Here’s just what the doctor ordered: most-emphasis on most-health benefits are not able to be taxed. This is because the Affordable Care Act does not classify health insurance as income which is subject to a tax. This even includes employer provided benefits. However, keep in mind that depending on what your health insurance policy is, many of the benefits covered are taxable. Check with your insurance company about how this might affect you when it comes time to file your taxes so your heart doesn’t skip a beat or two.
5. Alimony vs. Alimony
The definition of “alimony” from the IRS is: “Amounts paid to a spouse or a former spouse under a divorce or separation instrument (including a divorce decree, a separate maintenance decree, or a written separation agreement) may be alimony or separate maintenance payments for federal tax purposes.” The tax laws have changed a lot and depending on when a divorce occurred, it could determine who pays whom and how much. Any separation or divorce finalized on or before December 31, 2018, means that the person who receives the alimony money would pay federal income tax.

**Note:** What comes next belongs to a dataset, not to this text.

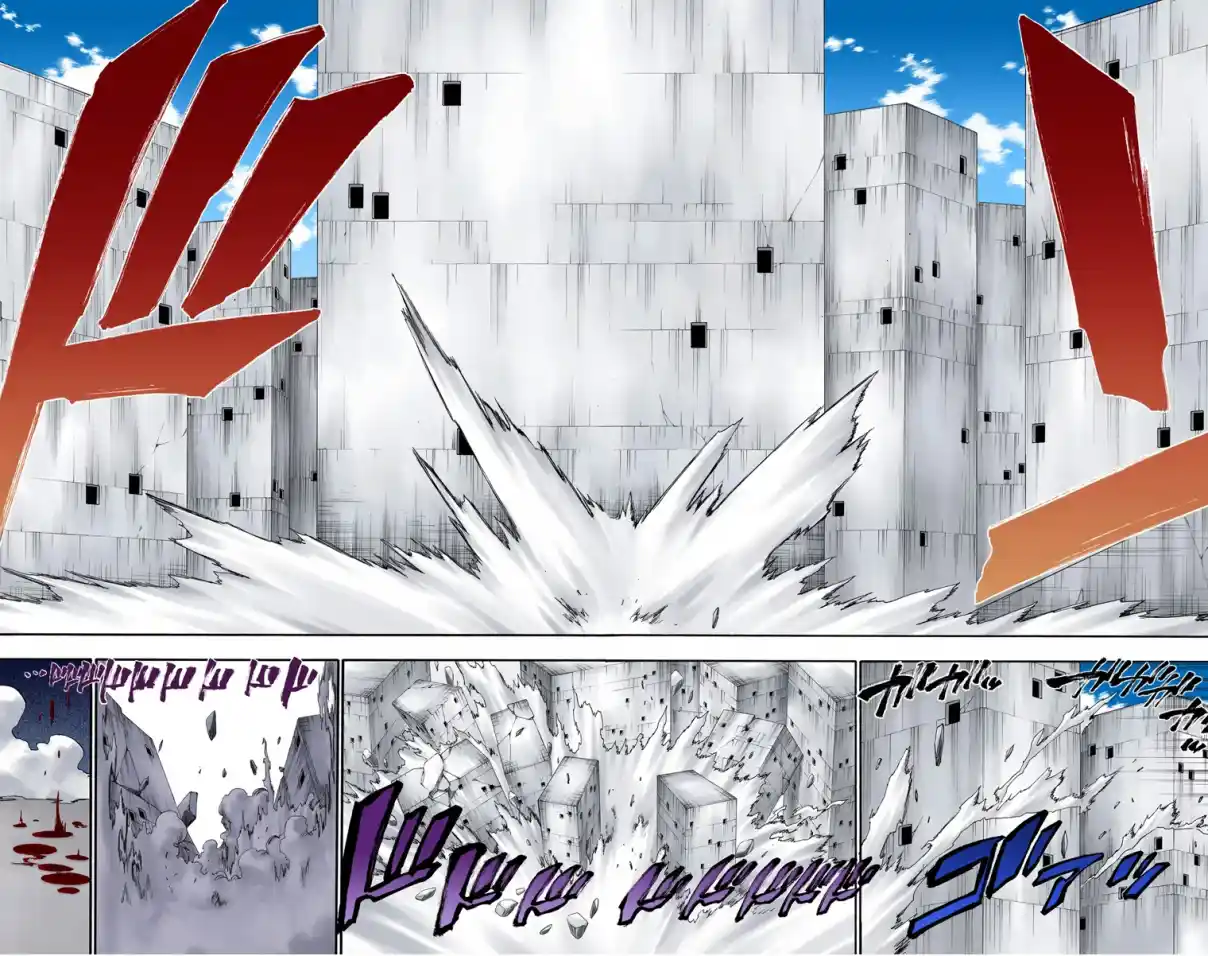 Bleach Full Color capítulo 113, página 15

However, since Jan. 1, 2019, those taxes are now owed by the party in the separation or divorce who is making the alimony payments.
6. Well, Fair on Welfare
Welfare or federal financial assistance are programs that help millions of Americans receive benefits every year, including Social Security, Aid to Families with Dependent Children (AFDC), food stamps and other social welfare programs. If you are receiving these or other benefits, the government does not wish to put any more financial burden on you, so they are typically not taxed. Ask a certified accountant if you should include welfare payments when you file your taxes in case you should be subject to an audit down the road.
7. FYI on QAEs
Qualified Adoption Expenses, commonly referred to as QAEs in the tax world, are “the necessary costs paid to adopt a child younger than 18 years of age or any disabled person who requires care” as described by Investopedia. The IRS classifies expenses such as fees related to the adoption, attorney costs, court fees, travel, and several others as QAE, so long that they are “reasonable” and “necessary.” Use the money you save to treat your adopted family to a lifetime of love and care.